Vor einiger Zeit wollte ich für meinen Blog Wunder Sammlerin endlich einen neuen Impuls schreiben. Aber die Kreativität wollte einfach nicht so richtig ins Fließen kommen. Immer wieder saß ich vor meinem Laptop und starrte auf den weißen Bildschirm. Ich hatte zwar ein Thema, aber die Seite blieb trotzdem leer. Ich schrieb Sätze, nur um sie kurz darauf wieder zu löschen. Ich fing neu an, verwarf alles und begann von vorne. Nichts fühlte sich stimmig an.
Je mehr ich versuchte, etwas Gutes zu produzieren, desto mehr bauten sich Druck und Widerstand in mir auf. Und mit ihnen verschwanden nach und nach auch die Freude, die Kreativität und die Leichtigkeit. Irgendwann habe ich den Laptop einfach zugeklappt. Nicht aus Frust, sondern weil ich gemerkt habe: Ich kann es gerade nicht erzwingen. Ich muss es loslassen.
Ein paar Tage später waren die Worte plötzlich da - ganz unspektakulär, ohne Krampf und ohne langes Nachdenken. Ich musste ihnen nur noch folgen. Plötzlich war alles ganz leicht. Wie bei einem reifen Apfel. Solange er noch Zeit braucht, kann man ziehen und zerren – er bleibt am Baum hängen. Ist er aber reif, löst er sich fast wie von alleine. Beim Pflücken hat man das Gefühl, dass er einem eigentlich schon entgegen fällt.

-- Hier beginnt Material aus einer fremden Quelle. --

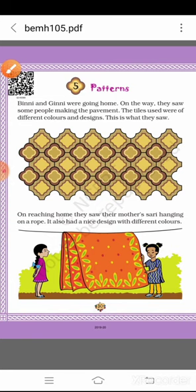On reaching home, they saw their mother's saree hanging on a roof. It also had a nice design with different colors. Vinny and Ginny, what did you see on the road? Some people used different designs and different colors.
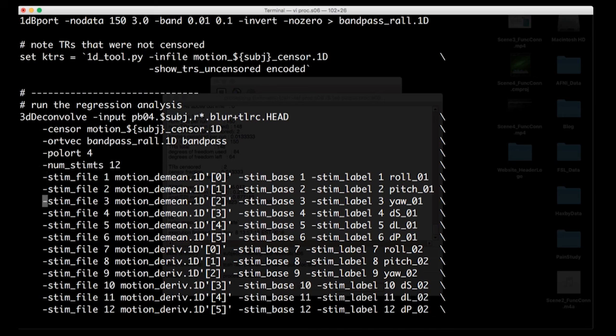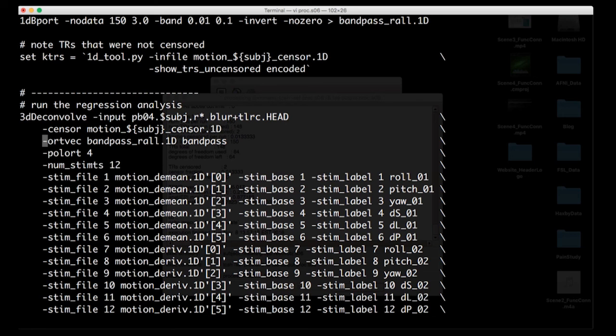So what that's going to do is it's going to enter all that into 3dDeconvolve along with our motion parameters. So ORDFEC is simply, it's the same thing as these stim files regressing out a lot of motion, right? So these first six are your motion parameters, the next six are the motion derivatives, and ORDFEC takes a 1d file of a lot of regressors that you don't want in your model. Or I should say ORDFEC takes a lot of regressors and will model them out of your data.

Vielleicht gilt das auch für manches in unserem Leben: Für Entscheidungen, Beziehungen, Gespräche, Ideen oder Veränderungen. Nicht jeder Gedanke ist sofort reif. Nicht jede Idee muss heute entstehen. Und nicht alles wird besser, wenn ich nur mehr Druck mache oder an einer Sache oder einem Menschen ziehe. Es gibt Situationen, da ist Dranbleiben wichtig. Aber es gibt auch Momente, in denen Loslassen der bessere Weg ist – und darauf zu vertrauen, dass sich manches mit der Zeit fügt, wenn es gewachsen ist.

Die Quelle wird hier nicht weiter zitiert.